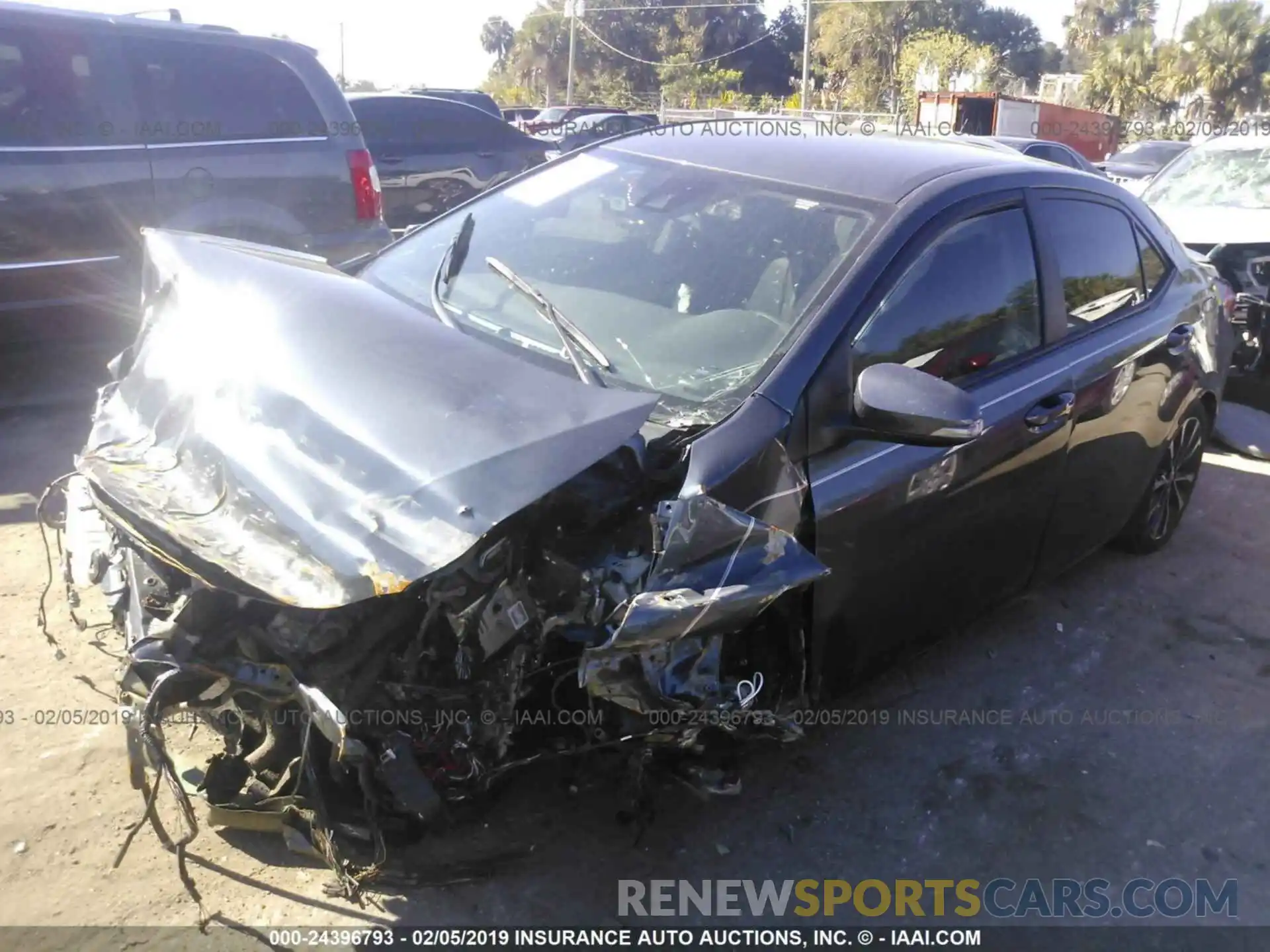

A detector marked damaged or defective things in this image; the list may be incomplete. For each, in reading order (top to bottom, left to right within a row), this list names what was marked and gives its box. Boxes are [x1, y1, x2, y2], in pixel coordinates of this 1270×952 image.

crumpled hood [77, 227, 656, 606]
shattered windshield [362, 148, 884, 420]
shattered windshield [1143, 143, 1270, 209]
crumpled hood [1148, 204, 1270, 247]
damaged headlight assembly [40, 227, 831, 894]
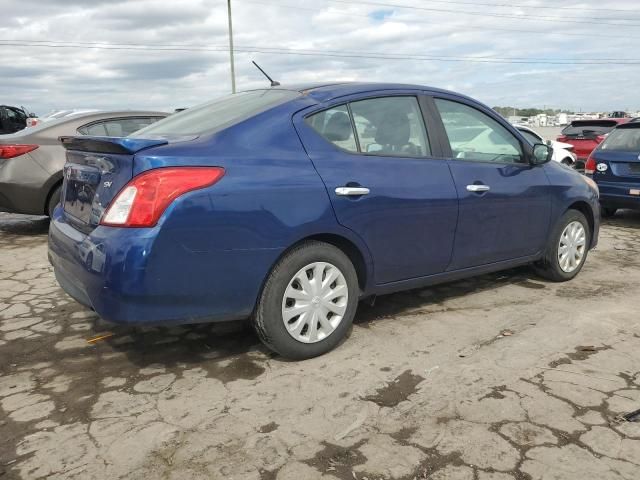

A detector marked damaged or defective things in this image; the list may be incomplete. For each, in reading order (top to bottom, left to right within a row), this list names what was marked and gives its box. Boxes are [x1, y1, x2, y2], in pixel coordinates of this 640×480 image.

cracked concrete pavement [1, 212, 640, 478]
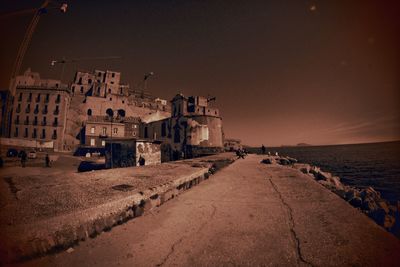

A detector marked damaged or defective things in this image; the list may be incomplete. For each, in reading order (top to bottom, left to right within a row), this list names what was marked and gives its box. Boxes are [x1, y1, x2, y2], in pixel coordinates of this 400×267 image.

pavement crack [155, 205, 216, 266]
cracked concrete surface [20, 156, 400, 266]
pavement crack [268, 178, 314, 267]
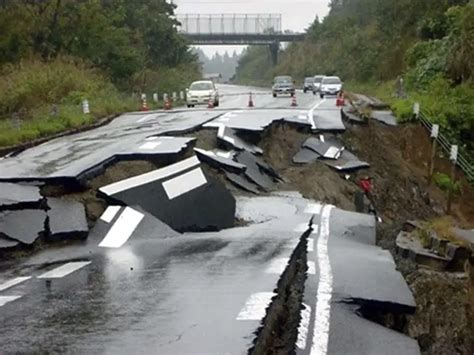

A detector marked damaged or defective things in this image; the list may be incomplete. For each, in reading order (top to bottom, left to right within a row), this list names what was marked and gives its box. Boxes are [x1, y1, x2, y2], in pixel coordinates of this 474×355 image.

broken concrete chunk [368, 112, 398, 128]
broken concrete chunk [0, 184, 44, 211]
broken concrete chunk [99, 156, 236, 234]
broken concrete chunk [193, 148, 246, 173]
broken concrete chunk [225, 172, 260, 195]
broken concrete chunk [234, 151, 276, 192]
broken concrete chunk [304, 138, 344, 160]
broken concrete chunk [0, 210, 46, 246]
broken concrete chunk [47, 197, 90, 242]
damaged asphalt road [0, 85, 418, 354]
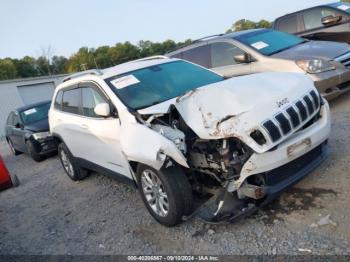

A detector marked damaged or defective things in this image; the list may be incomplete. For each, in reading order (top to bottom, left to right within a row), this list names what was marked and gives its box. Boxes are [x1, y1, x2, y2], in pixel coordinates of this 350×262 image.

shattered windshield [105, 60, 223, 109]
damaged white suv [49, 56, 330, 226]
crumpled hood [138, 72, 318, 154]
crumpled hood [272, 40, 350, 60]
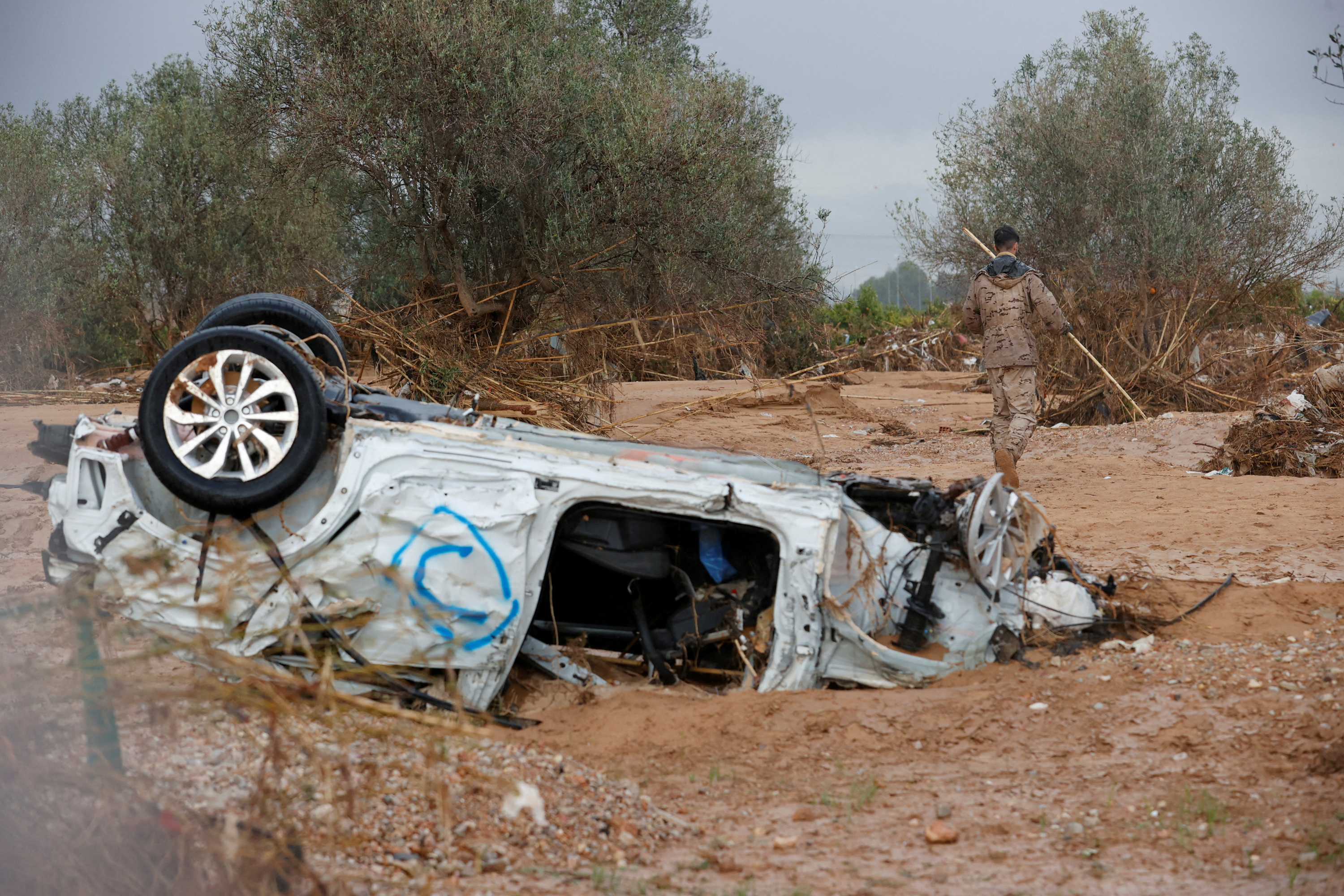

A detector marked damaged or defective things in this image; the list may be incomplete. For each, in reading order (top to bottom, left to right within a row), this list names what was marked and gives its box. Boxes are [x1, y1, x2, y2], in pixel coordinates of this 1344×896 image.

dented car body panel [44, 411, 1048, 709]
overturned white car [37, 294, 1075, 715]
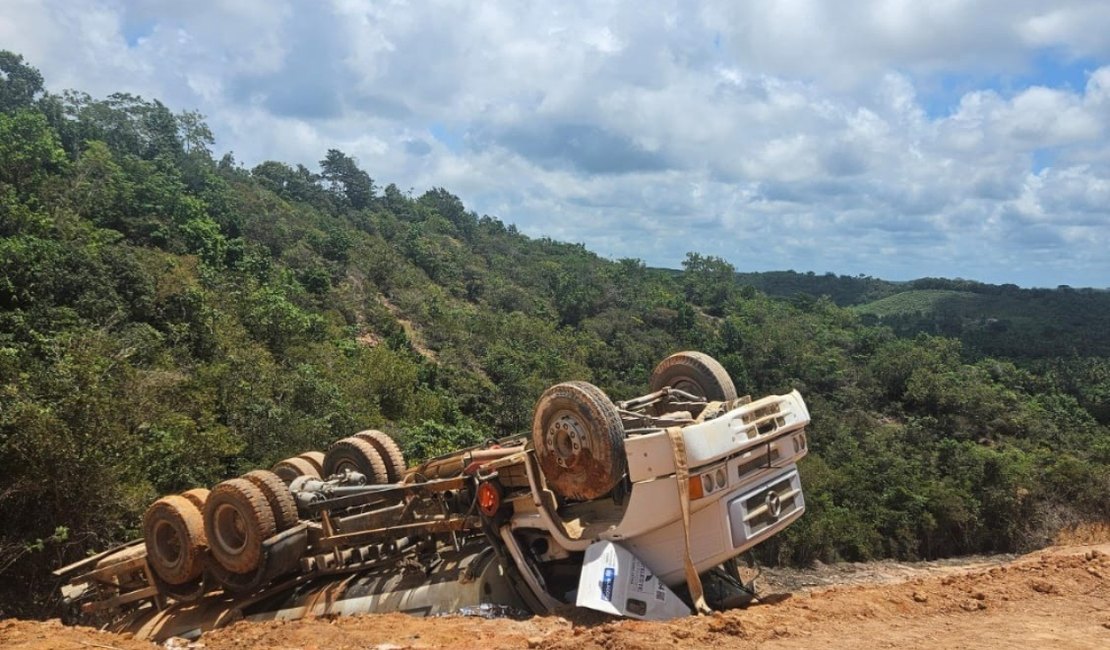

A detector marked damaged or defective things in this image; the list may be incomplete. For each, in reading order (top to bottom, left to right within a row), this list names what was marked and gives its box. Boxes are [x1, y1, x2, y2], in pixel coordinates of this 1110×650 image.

------------------------------------------------

→ **Exercise brief**: Leaving the pictures aside, transcribe only the lines from the one containing "this 350×262 image." to the final line of the listing above, inclusive, exactly as they appear.

→ **Task answer**:
A detector marked damaged or defective things in this image; the list may be incomplete. For each, in reading order (top to bottom, left to right within a row), this list names what was marked and gives its box. Boxes are [x1, y1, x2, y2], in pixel coordinates of this 350×262 image.

shattered windshield [105, 60, 223, 109]
damaged white suv [49, 56, 330, 226]
crumpled hood [138, 72, 318, 154]
crumpled hood [272, 40, 350, 60]

A detector marked damaged or defective things in this image; the list may be incomplete. For each, in reading order (top to bottom, left to right within a row), this list names what was marked and gives its box. Boxes are [x1, y1, x2, y2], in pixel coordinates of this 1344×896 image.

dented car body panel [44, 411, 1048, 709]
overturned white car [37, 294, 1075, 715]

A detector marked damaged or defective things in this image; the list may be incomplete. For each, in reading order (top to bottom, left to right within a row), this list names what was marked and gives its box. Boxes are [x1, y1, x2, y2], in pixel coordinates of this 1110×650 image.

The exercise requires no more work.